2nd February 2007 Print
The Rough Guide to The Blues is the essential blues companion, telling its fascinating story and giving the lowdown on all the grittiest singers, bottleneck guitarists, belt-it-out divas and wailing harmonica players.

It covers the whole journey from its roots in Africa, to how the blues crawled from the Mississippi Delta, went electric in the cities, and spread across the world.
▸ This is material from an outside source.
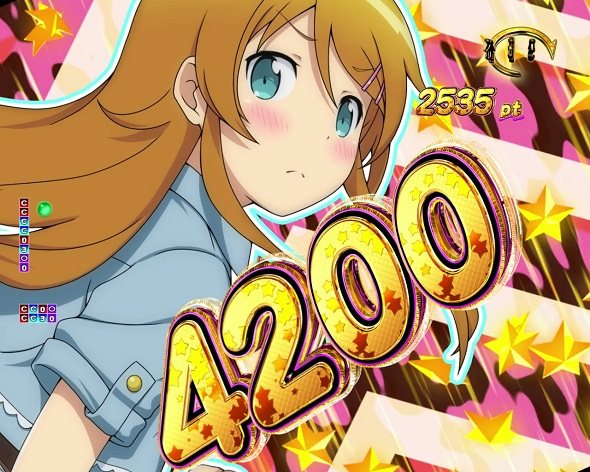 P俺の妹がこんなに可愛いわけがない。攻略スキップ159ver 大当り中の演出 右打ち中の大当り演出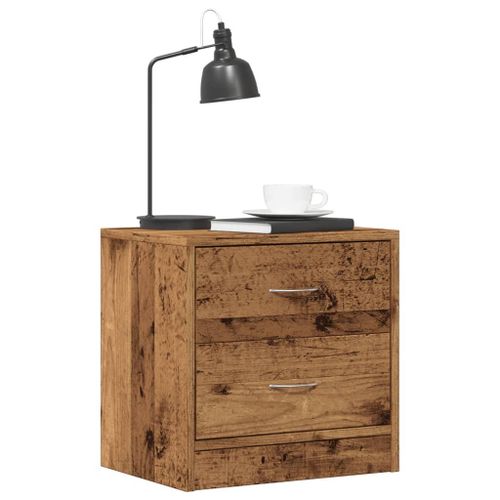 Vidaxl Tables De Chevet 2 Pcs Vieux Bois 40x30x40 Cm Bois D'ingénierie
Detailing hundreds of artists from folk heroes like Son House, Leadbelly and Robert Johnson, through the legends of B.B. King, Muddy Waters and John Lee Hooker, to the great blues rockers of the 60’s and 70’s, Led Zeppelin, Jimi Hendrix and Cream, The Rough Guide to The Blues offers the most thorough and meticulous consolidation of blues biography yet assembled. Accepting the blues as a broad church, author Nigel Williamson profiles artists and bands that have played their own significant role in blues history.

Those new to the blues, or fans in a particular frame of mind, will appreciate the inclusion of ‘Playlists’ to download to your iPod or MP3. Choose between individual artist ‘best ofs’ or check out the ten greatest slide guitar tracks or harmonica solos. And for those in the mood for sex, drugs and alcohol – the blues, and the playlists, have these covered too.

“Where did the blues begin?... the truth is surely that the blues began several million times over. It was born again and again, every time another African gazed for the last time at the land of his or her birth.”

Nigel Williamson grew up a long way from the Mississippi Delta in the leafy environs of Kent. He discovered the blues as a teenager in the 1960s via the records of John Mayall, Cream, The Doors and others and swiftly realised that he preferred the originals to the imitators. His natural inclination to support the underdog not only gave him a natural affinity with the music but led him into the world of radical left-wing politics.

He worked for the British politicians Tony Benn and Neil Kinnock and went on to edit a number of Labour Party publications before becoming a senior executive on The Times. Tiring of the office routine he recklessly gave up the security of a staff salary for the precarious existence of a freelance music critic in the mid-1990s. He is the author of The Rough Guide to Bob Dylan.